Record extracts below:
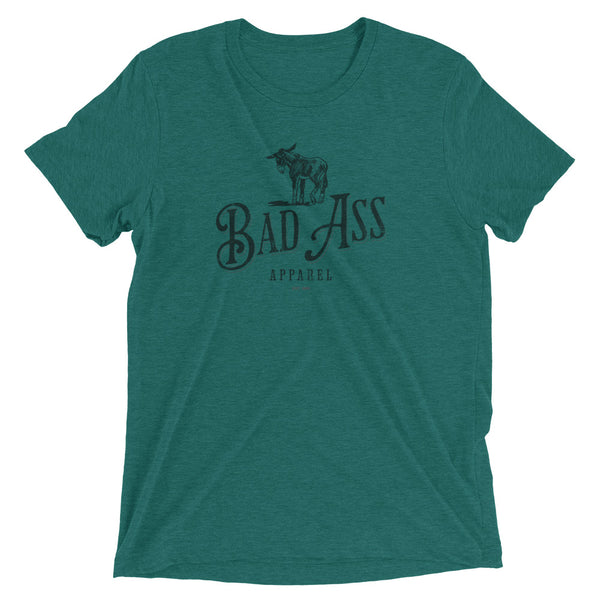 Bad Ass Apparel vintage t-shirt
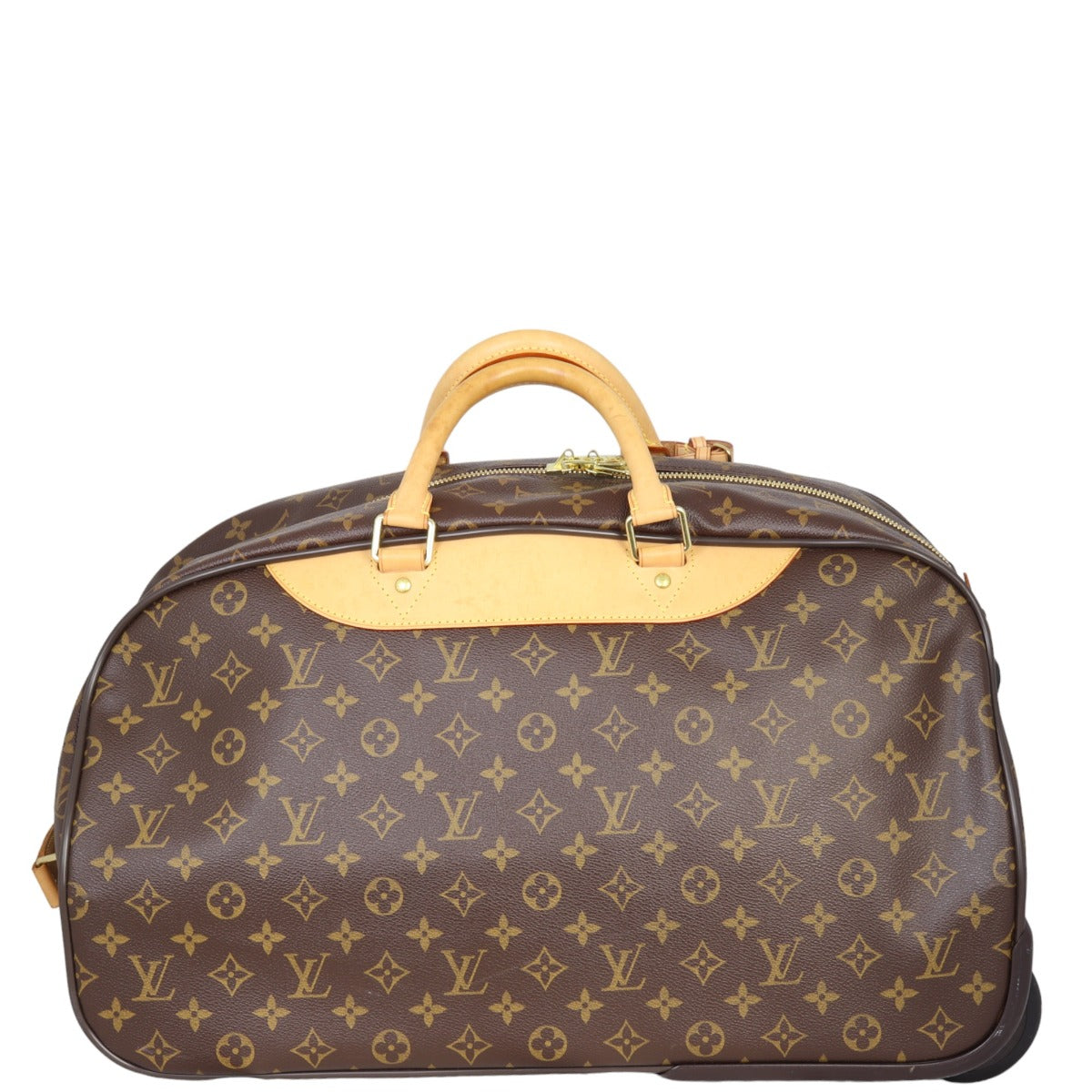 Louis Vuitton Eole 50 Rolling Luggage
End of Record extracts.
Record extracts below:
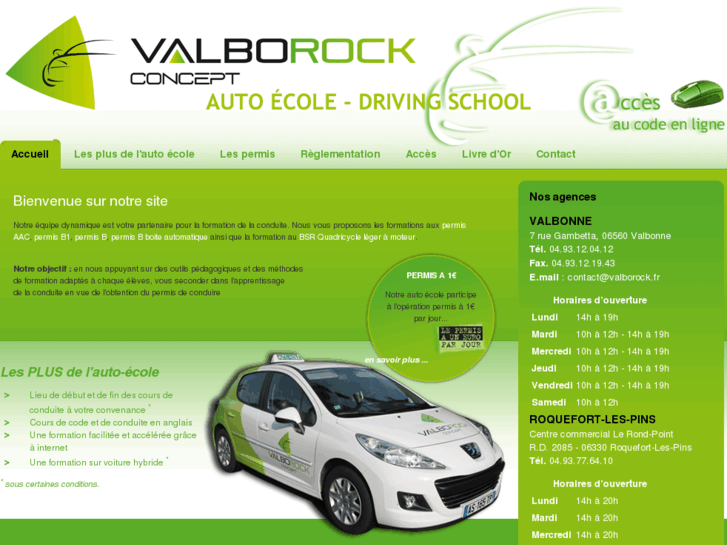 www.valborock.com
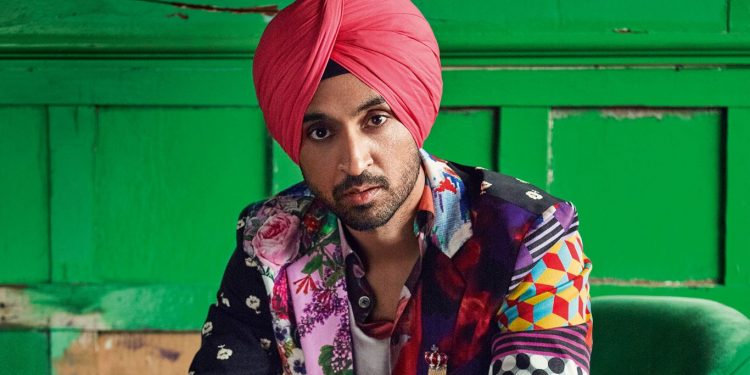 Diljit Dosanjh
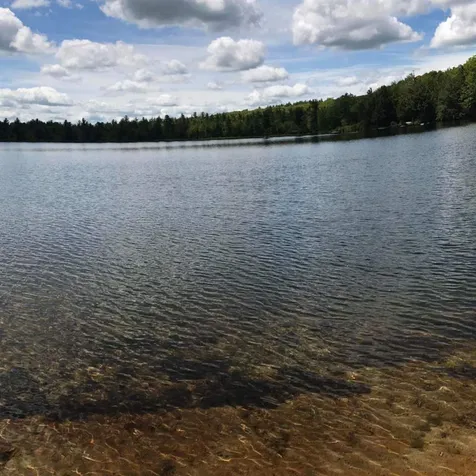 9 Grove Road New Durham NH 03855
End of Record extracts.
Record extracts below:
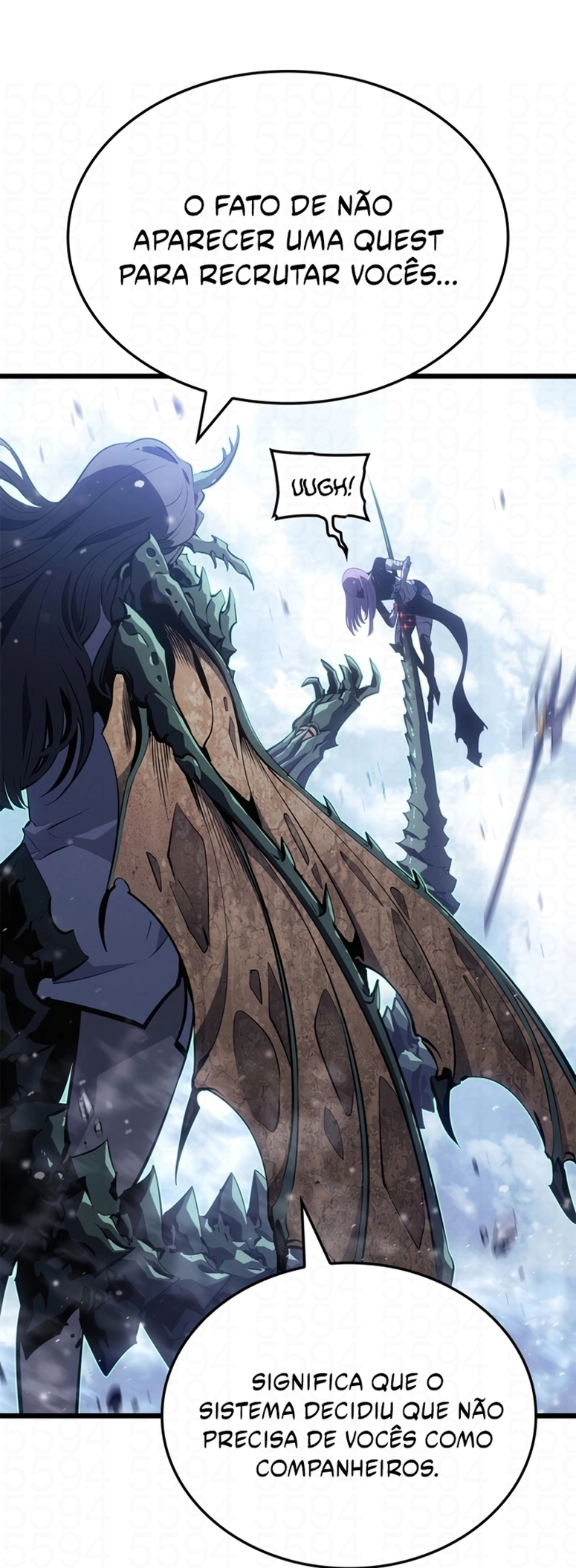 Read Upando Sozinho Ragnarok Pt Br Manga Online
End of Record extracts.
**Exercise**: From the records above, copy exactly the lines starting at the one with "Bad Ass Apparel vintage t-shirt" and ending at the one with "Louis Vuitton Eole 50 Rolling Luggage", and no others. Pictures stay out.

**Result of this exercise**:
 Bad Ass Apparel vintage t-shirt
 Louis Vuitton Eole 50 Rolling Luggage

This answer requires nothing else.